* Short descriptive text snippets *
○ ○ ○ ○
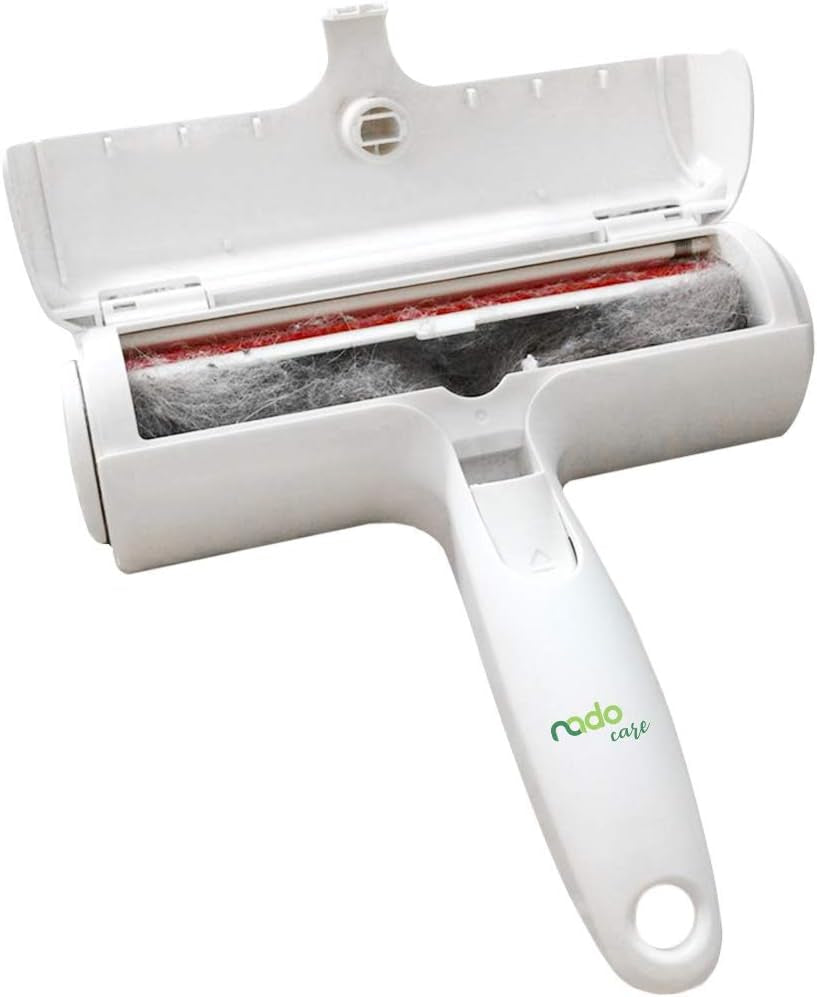 Pet Hair Remover Roller – Reusable & Self-Cleaning, Removes Dog & Cat Fur from Furniture, Carpets & Clothes – No Tape or Batteries Required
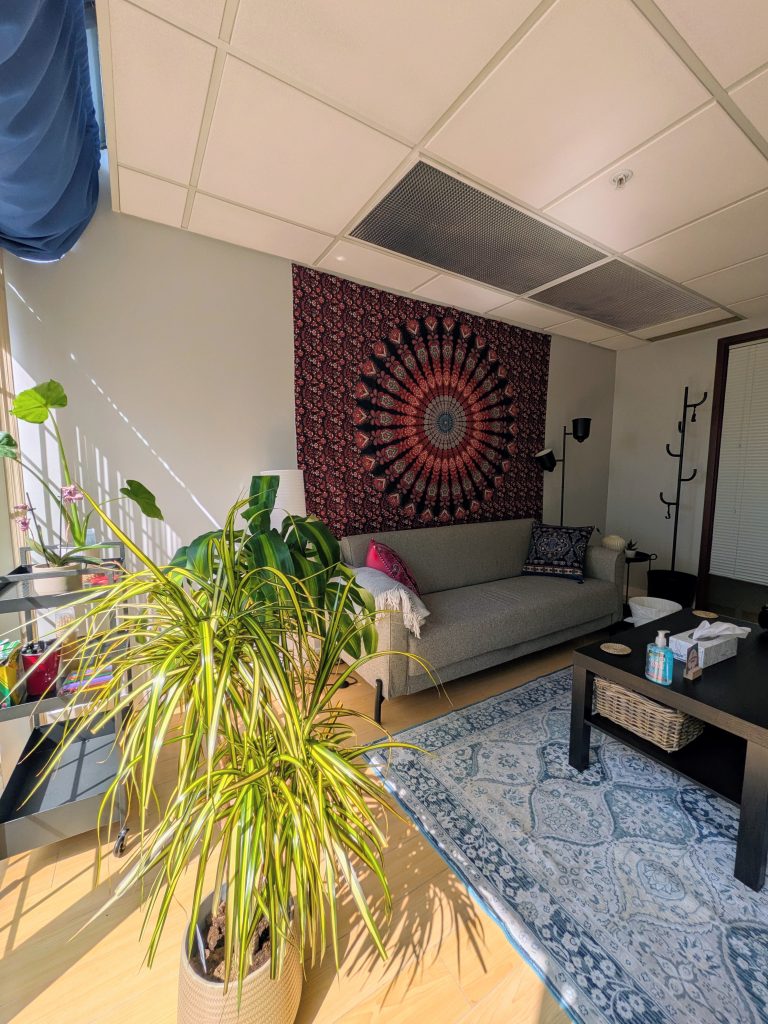 Burnaby counselling room with At Ease Counseling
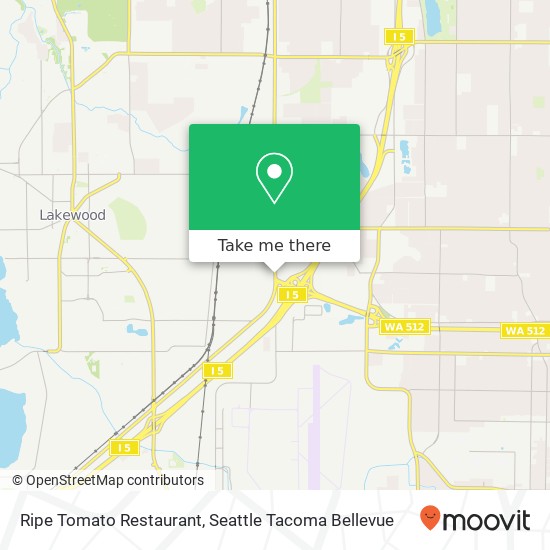 Mapa de Ripe Tomato Restaurant, 10117 S Tacoma Way Lakewood, WA 98499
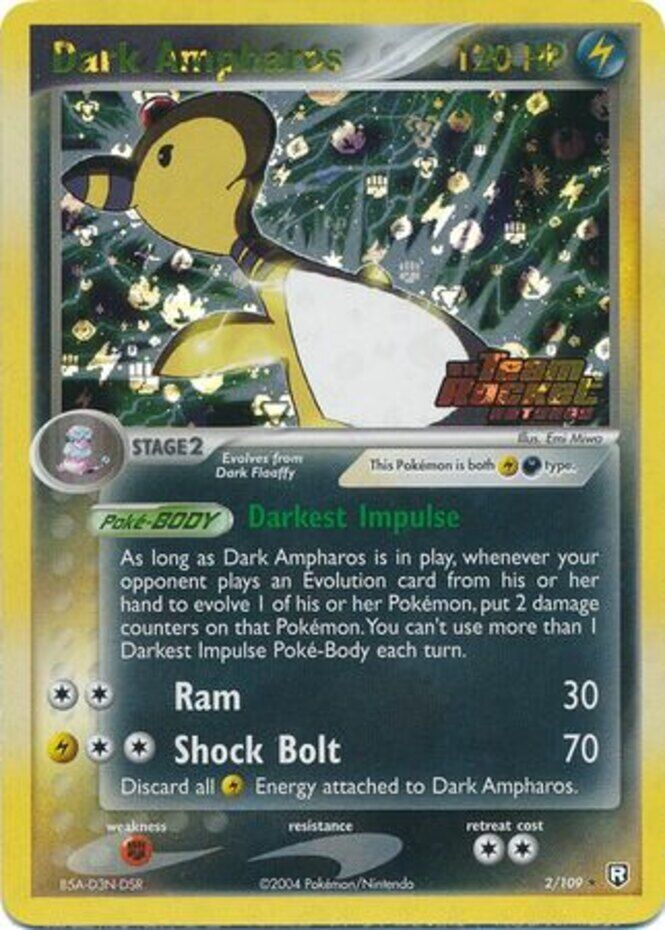 Dark Ampharos (2/109) (Stamped) [EX: Team Rocket Returns] | Exor Games Bridgewater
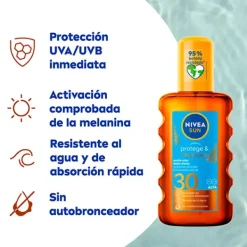 Protege & Broncea Aceite Solar Spf 30*NIVEA Discount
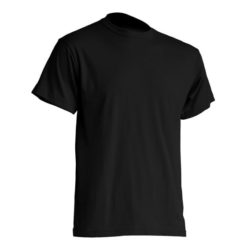 Mocna koszulka T-Shirt JHK TSRA Czarna gram. 190g. do nadruku XS-3XL koszulka robocza koszulka reklamowa mocna wytrzymała bawełniana do pracy oddychająca komfortowa podkoszulka robocza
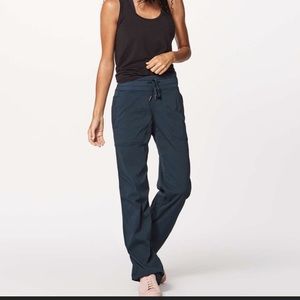 LULULEMON STUDIO PANT LINED NOCTURNAL TEAL 4R/31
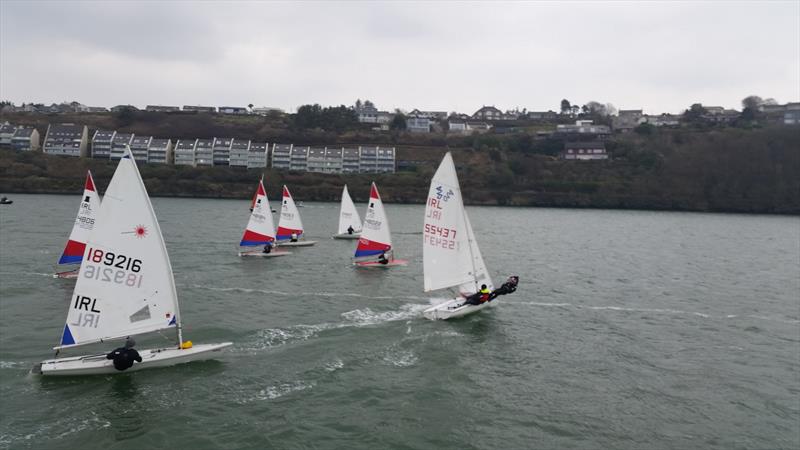 Kinsale Yacht Club Osean74 Frostbite Series day 2 photo copyright Michele Kennelly taken at Kinsale Yacht Club and featuring the 420 class
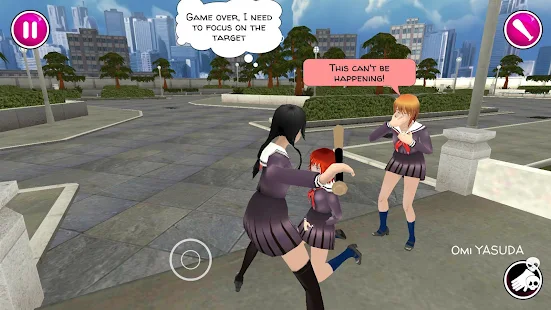 Screenshot 3 for Yandere School 1.0.4 MOD APK + Data Unlimited Money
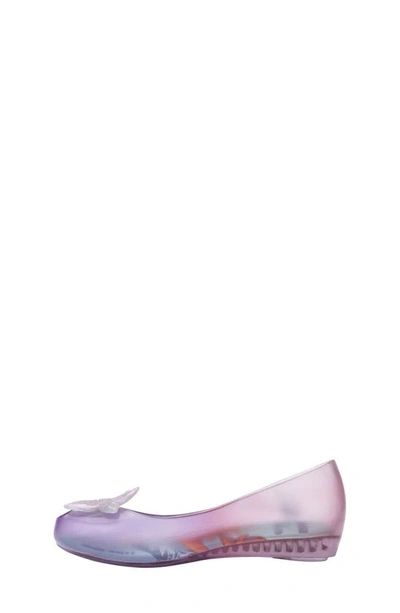 Shop Melissa X Disney® The Little Mermaid Mini Ultragirl Flat In Clear/ Purp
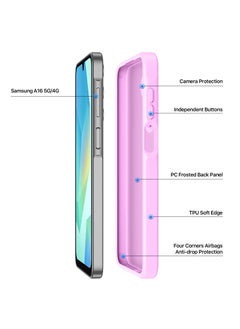 DUX DUCIS DUX DUCIS Yind Series Cover for the Samsung Galaxy A16 5G/4G mobile phone a slim, TPU Hybrid PC  cover made of TPU, polycarbonate silicone - Rose Pink  - Image 3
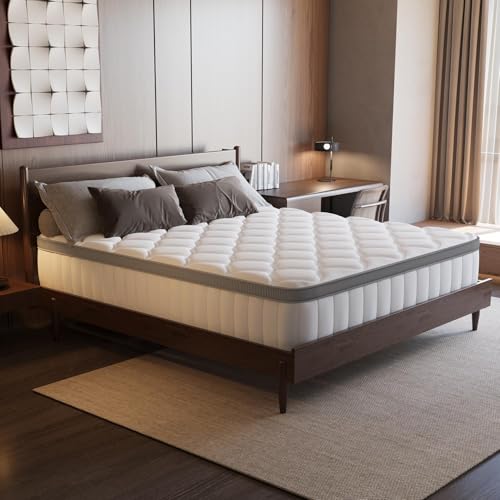 Aiidoits Matratze 90x200cm Taschenfederkernmatratze 7 Zonen Härtegrad H3 Oeko-TEX Zertifiziert 25cm hoch mit abnehmbarem waschbarem Baumwollbezug Matratz für Kinder und Erwachsene von Aiidoits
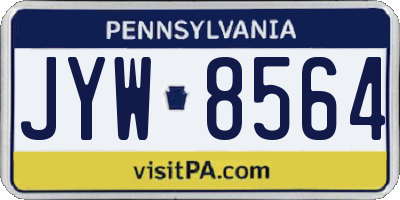PA license plate JYW8564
○ ○ ○ ○
Return, exactly as they stand, the lines above from the one with "Mapa de Ripe" to the one with "Mocna koszulka T-Shirt", omitting any pictures among them.

 Mapa de Ripe Tomato Restaurant, 10117 S Tacoma Way Lakewood, WA 98499
 Dark Ampharos (2/109) (Stamped) [EX: Team Rocket Returns] | Exor Games Bridgewater
 Protege & Broncea Aceite Solar Spf 30*NIVEA Discount
 Mocna koszulka T-Shirt JHK TSRA Czarna gram. 190g. do nadruku XS-3XL koszulka robocza koszulka reklamowa mocna wytrzymała bawełniana do pracy oddychająca komfortowa podkoszulka robocza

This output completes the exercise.